▸ Supplied information:
================================

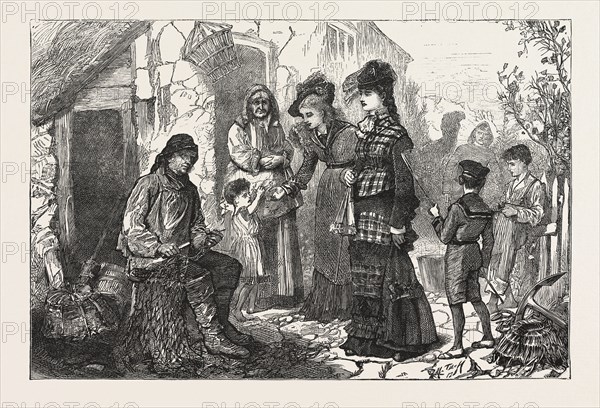 LONDON VISITORS AT THE SEA-SIDE, a Drawing by H. Tuck., ENGRAVING 1876, UK, britain, british, europe, united kingdom, great britain, european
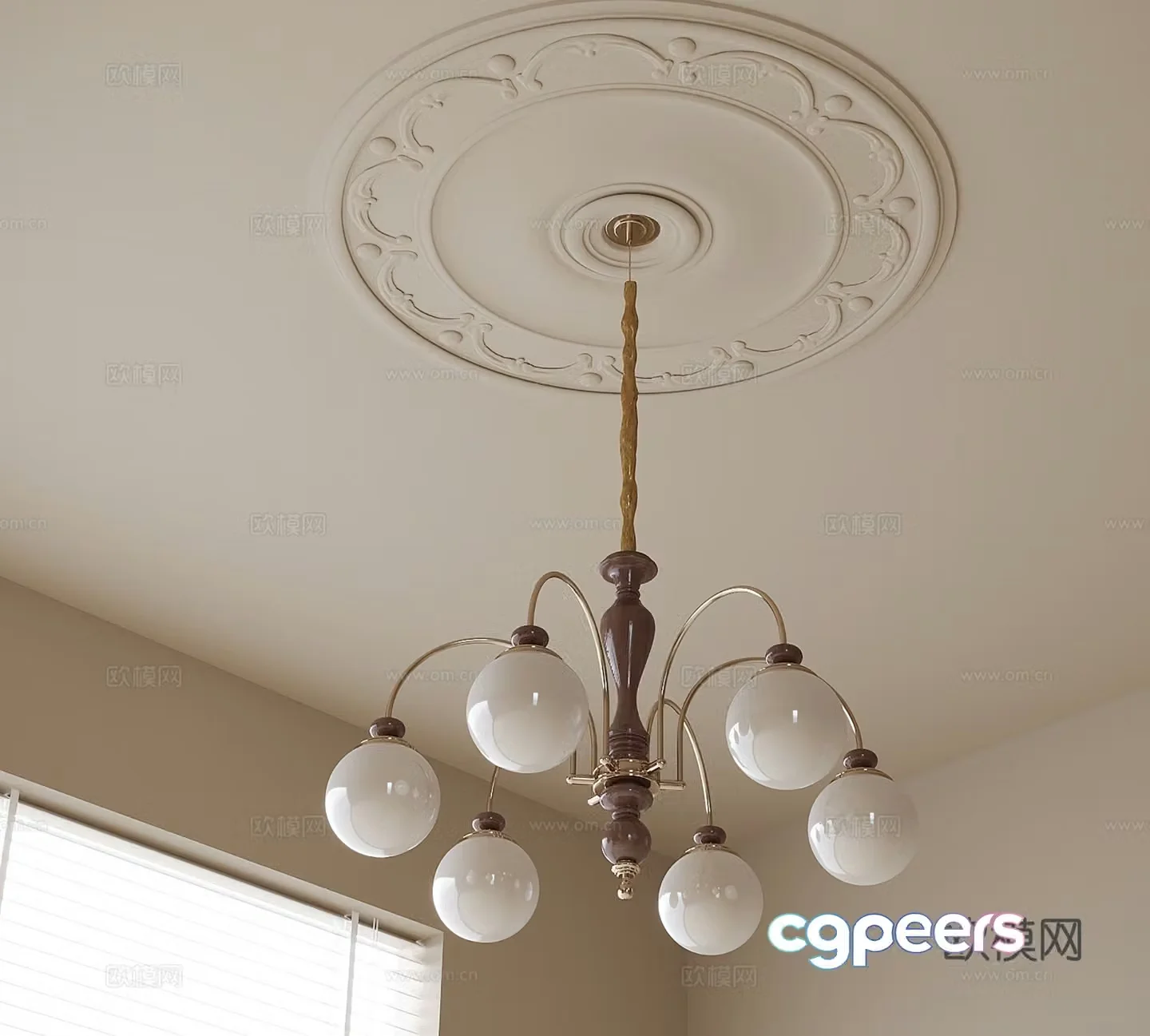 French chandelier hall chandelier 3d model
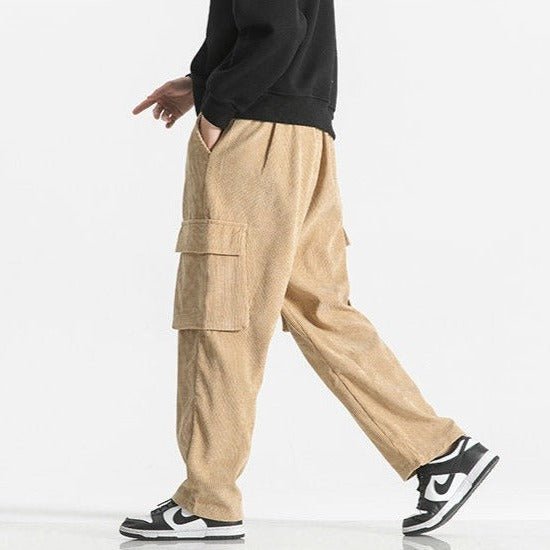 Venturo Pants — Breathable Corduroy Cargo Pants with Stretch Waist (Black XS) - | Zavonix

================================

▸ Problem details: Write the listing above out again exactly, but not the images it holds.

▸ Answer to this exercise:
 LONDON VISITORS AT THE SEA-SIDE, a Drawing by H. Tuck., ENGRAVING 1876, UK, britain, british, europe, united kingdom, great britain, european
 French chandelier hall chandelier 3d model
 Venturo Pants — Breathable Corduroy Cargo Pants with Stretch Waist (Black XS) - | Zavonix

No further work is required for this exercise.